**ASSIGNED TASK**. Write out the records in full, exactly as given, but without the images.

**EXERCISE DATA**.
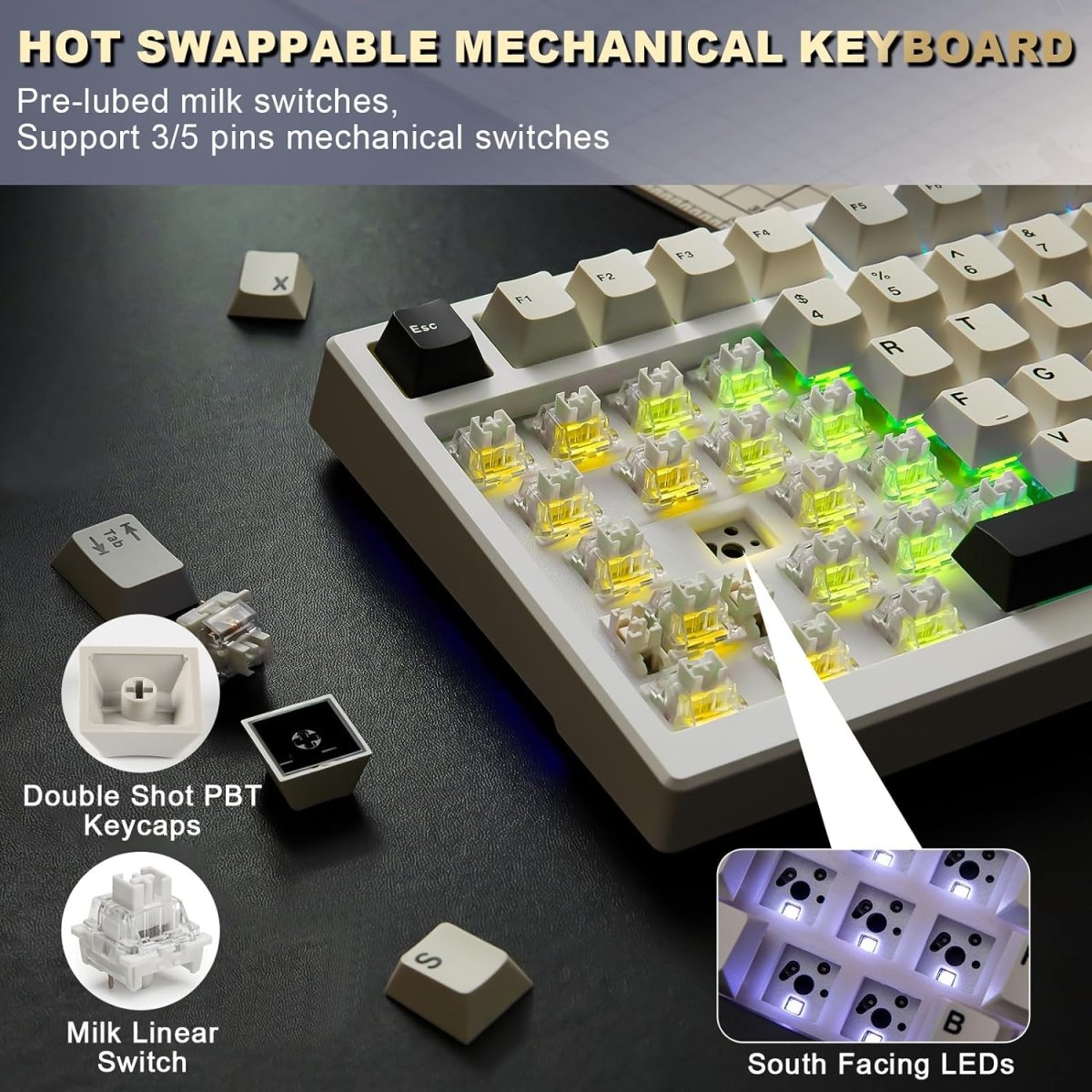 Mechanical Keyboard 99 Key Hot Swappable BT5.0/2.4G/USB - C - Keys Caps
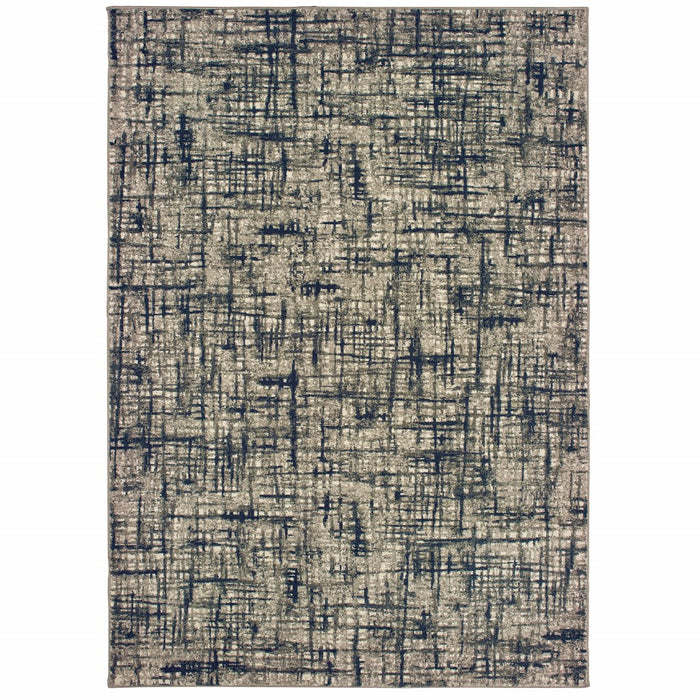 7' X 10' Gray And Navy Abstract Area Rug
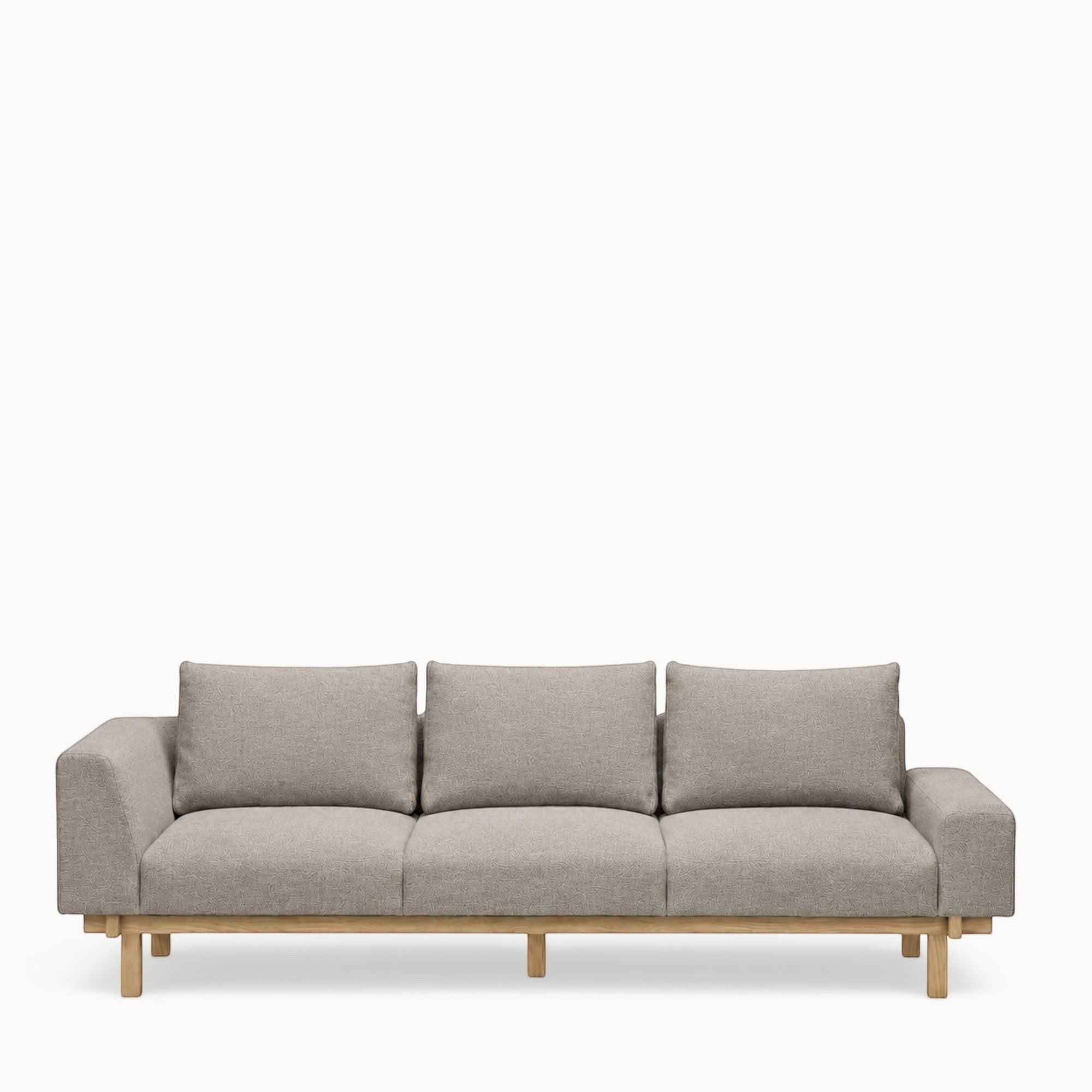 hibino Raft sofa in light grey fabric with a natural solid wood frame, featuring a minimalist three-seater design.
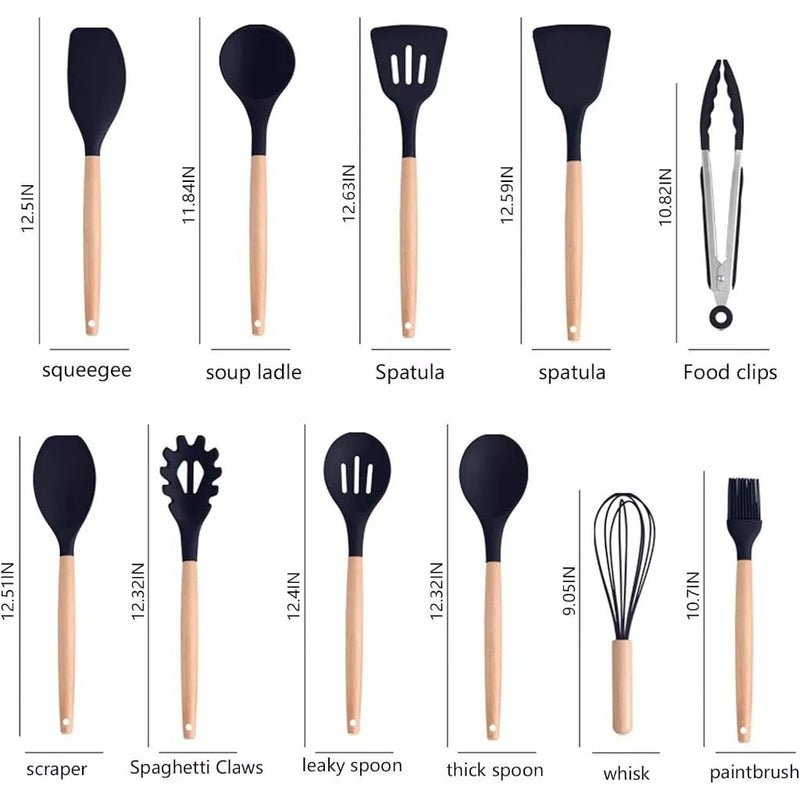 Conjunto Completo de 19 Utensílios de Cozinha com Tábua para Facilitar Seu Dia a Dia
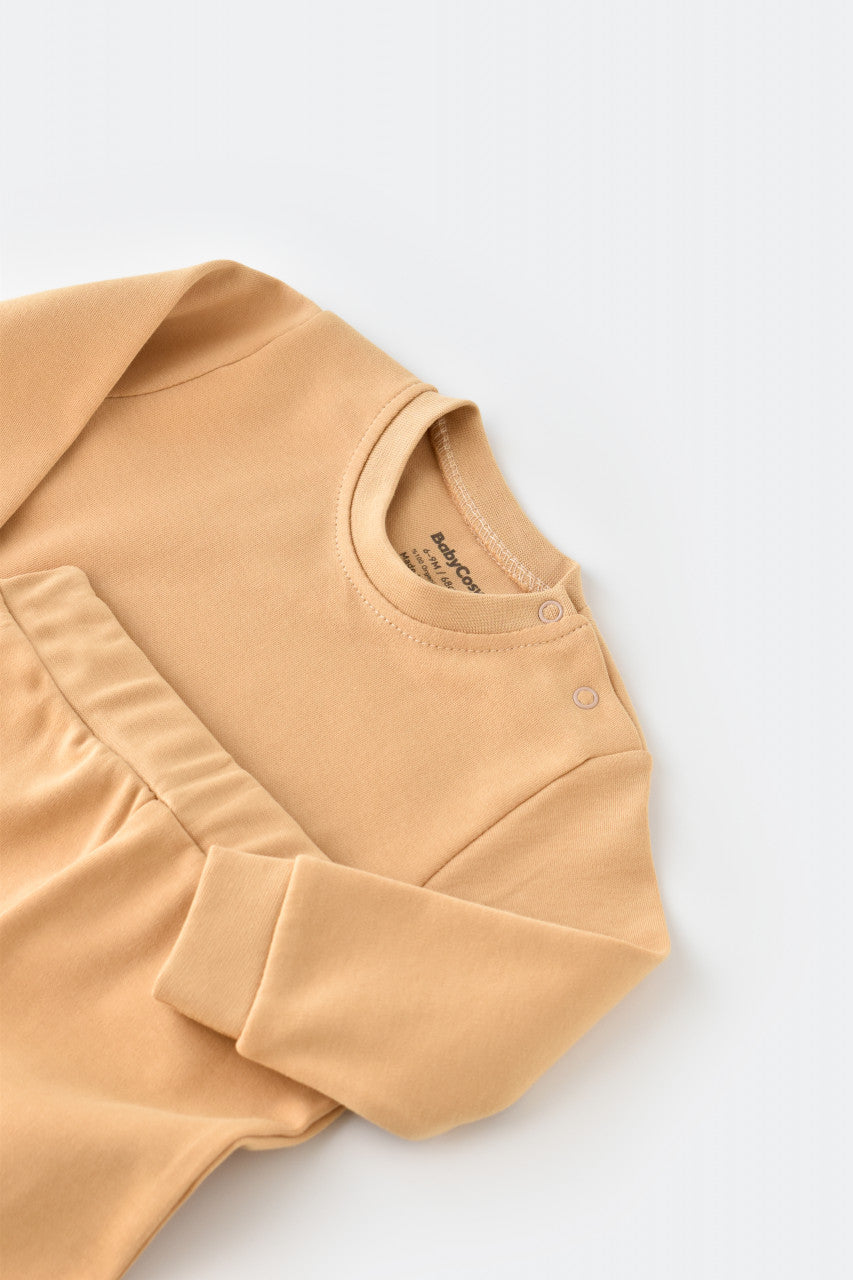 Set bluzita cu maneca lunga si pantaloni lungi - bumbac organic 100% - Mustar, BabyCosy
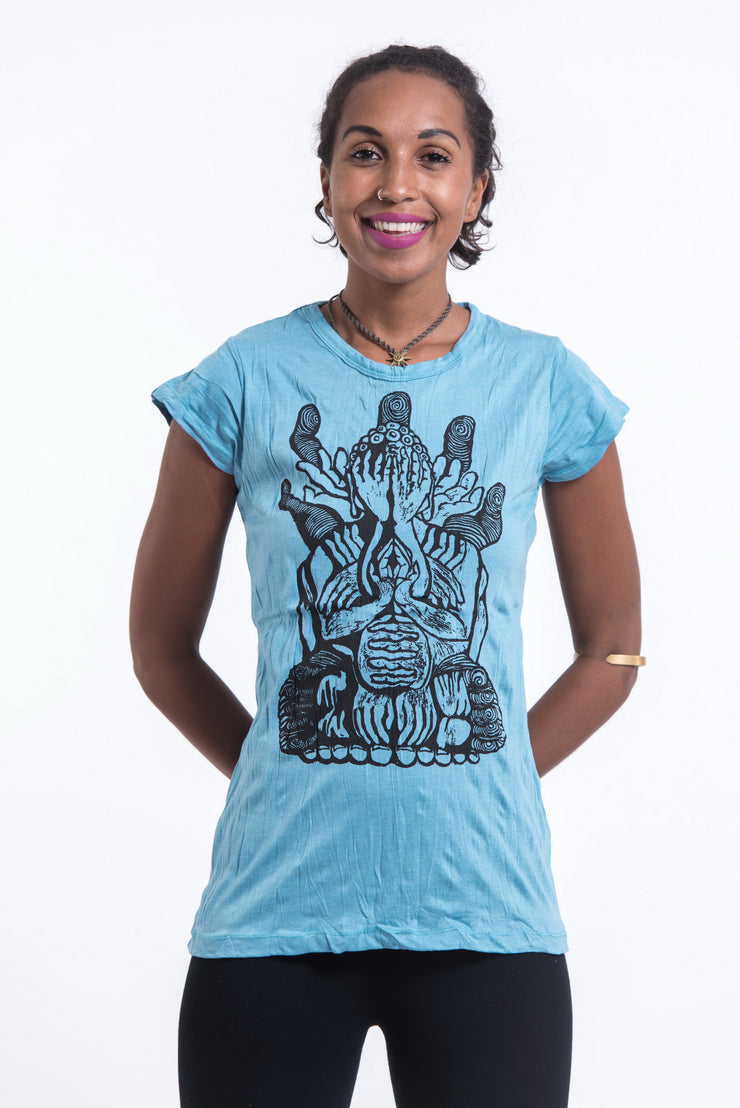 Womens See No Evil Buddha T-Shirt in Turquoise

**FINAL ANSWER**.
 Mechanical Keyboard 99 Key Hot Swappable BT5.0/2.4G/USB - C - Keys Caps
 7' X 10' Gray And Navy Abstract Area Rug
 hibino Raft sofa in light grey fabric with a natural solid wood frame, featuring a minimalist three-seater design.
 Conjunto Completo de 19 Utensílios de Cozinha com Tábua para Facilitar Seu Dia a Dia
 Set bluzita cu maneca lunga si pantaloni lungi - bumbac organic 100% - Mustar, BabyCosy
 Womens See No Evil Buddha T-Shirt in Turquoise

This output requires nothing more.